Key drivers include rapid technological developments (like 5G becoming standard), infrastructure funding pressures, changing consumer behaviour prioritising price and reliability, and increased market saturation leading to aggressive pricing strategies.

Why do providers engage in price wars, and what are the consequences?

Providers often lower prices to win market share when services are commoditised. This results in shrinking margins and short-term customer loyalty, making it difficult to sustain long-term growth and profitability.

How important is customer retention compared to customer acquisition in this market?

It is significantly more expensive to acquire a new customer than to retain an existing one. Therefore, building long-term customer relationships and focusing on customer lifetime value are crucial for sustaining revenue.

What role do value-added services play in defending revenue?

Value-added services, such as specialised support, professional services, and tailored solutions, help providers differentiate their offerings.

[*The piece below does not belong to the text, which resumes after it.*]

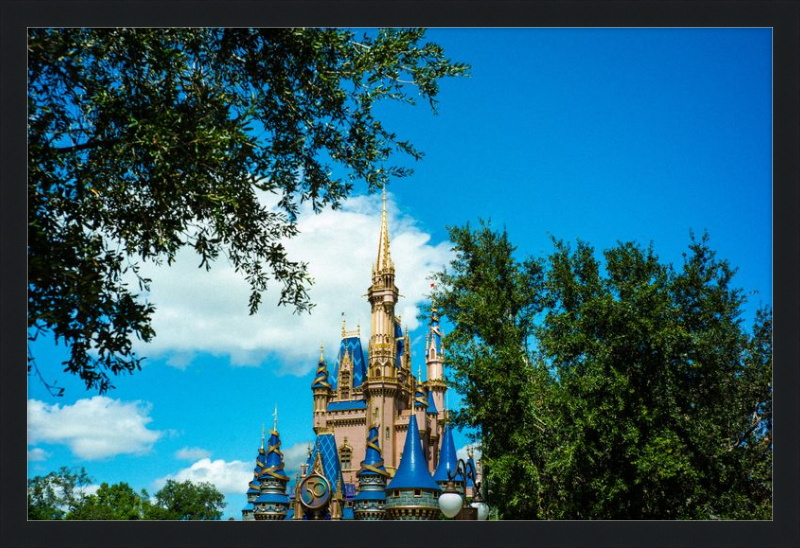 Cinderella Castle - Nature’s Frame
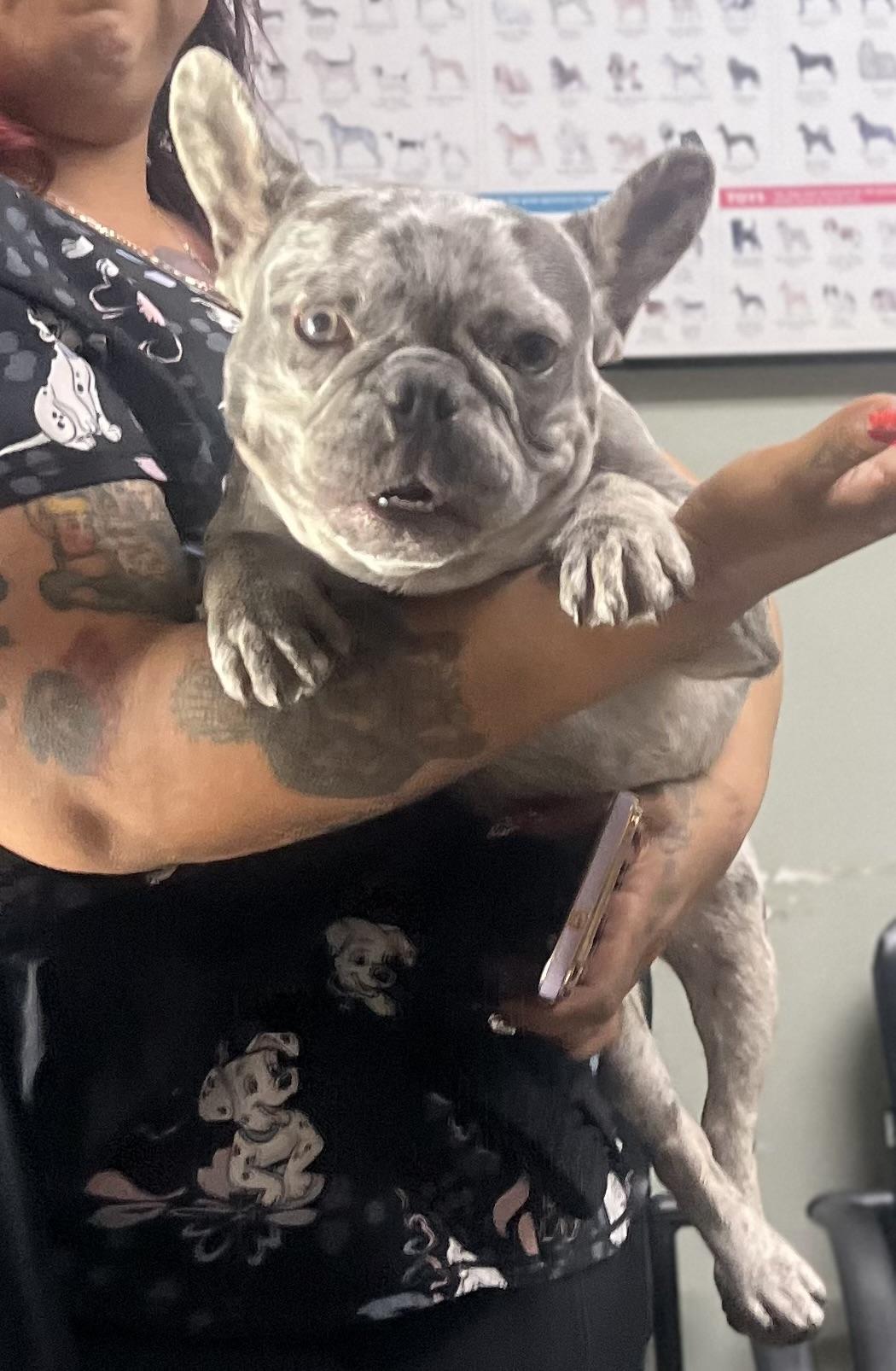 Stitch, an adopted French Bulldog in Los Angeles, CA image 3/6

These services shift the focus away from price, restore margins, and make customers view solutions as unique rather than generic.

Are there any examples of Gamma’s own value-added services in telephony?

Examples include professional services and expert support as part of Service Suite for Microsoft Teams, partner growth frameworks such as the Gamma Edge programme, and intelligent solutions like AI Concierge for SMEs.

How do these value-added services benefit partners and providers?

By offering additional capabilities and support, partners can differentiate themselves in a crowded market, defend their profit margins, and unlock new revenue streams. This approach generates more value from existing products and reduces reliance on competing solely on price.

What strategies can providers use to move beyond price competition?

Providers should introduce real value through specialised support, hands-on training, and access to advanced analytics. Focusing on customer outcomes and unique service wraps helps retain customers and build lasting relationships, ultimately supporting long-term growth.

Why is it important for telephony services to avoid becoming mere commodities?

Telephony services are essential to efficient business communication. By maintaining their uniqueness and adding value, providers can sustain growth, capture greater market share, and avoid the pitfalls of commoditisation.